I'll do the first one for you. I couldn't read what exactly you asked on the first one. Were you trying to prove that if the eigenvalues of $$A$$ were $$\lambda _i$$ then the eigenvalues of $$A^{ - 1}$$ are $$\frac{1}{{\lambda _i }}$$. I'll prove that.
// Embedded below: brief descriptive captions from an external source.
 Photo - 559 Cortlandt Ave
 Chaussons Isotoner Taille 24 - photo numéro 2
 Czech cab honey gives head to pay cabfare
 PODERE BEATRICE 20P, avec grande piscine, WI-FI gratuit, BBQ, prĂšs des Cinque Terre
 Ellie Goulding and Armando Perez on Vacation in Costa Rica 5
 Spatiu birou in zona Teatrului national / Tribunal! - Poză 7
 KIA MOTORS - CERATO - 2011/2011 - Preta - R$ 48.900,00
By the definition of an inverse matrix $$AA^{-1}=A^{-1}A=1$$. Now, for every non singular matrix, $$\det A \ne 0$$, you can diagonalize it with its eigenvectors $$A=PDP^{-1}$$. Where

$$D = \left( {\begin{array}{*{20}c} {\lambda _1 } & \cdots & 0 \\ \vdots & \ddots & \vdots \\ 0 & \cdots & {\lambda _n } \\ \end{array} } \right)$$

From this it should be obvious that $$A^{-1}=PD^{-1}P^{-1}$$. So $$A^{-1}A=PD^{-1}DP^{-1}=1$$ and $$AA^{-1}=PDD^{-1}P^{-1}=1$$. So $$DD^{-1}=1$$ and $$D^{-1}D=1$$. Multiply $$D$$ on the left and right side by

$$\[ B = \left( {\begin{array}{*{20}c} {\frac{1} {{\lambda _1 }}} & \cdots & 0 \\ \vdots & \ddots & \vdots \\ 0 & \cdots & {\frac{1} {{\lambda _n }}} \\ \end{array} } \right)$$

and you will get $$1$$ so

$$\[ D^{-1} = \left( {\begin{array}{*{20}c} {\frac{1} {{\lambda _1 }}} & \cdots & 0 \\ \vdots & \ddots & \vdots \\ 0 & \cdots & {\frac{1} {{\lambda _n }}} \\ \end{array} } \right)$$ and this proves that the eigenvalues of $$A^{-1}$$ are $$\frac{1}{{\lambda _n }}$$

3. Jan 7, 2008

### Defennder

For question 2 you'll need to use these properties:
$$(A-B)^T = A^T - B^T$$
$$det A^T = det A$$

Question 3 is interesting. Never seen anything like it. No idea how to do it at present.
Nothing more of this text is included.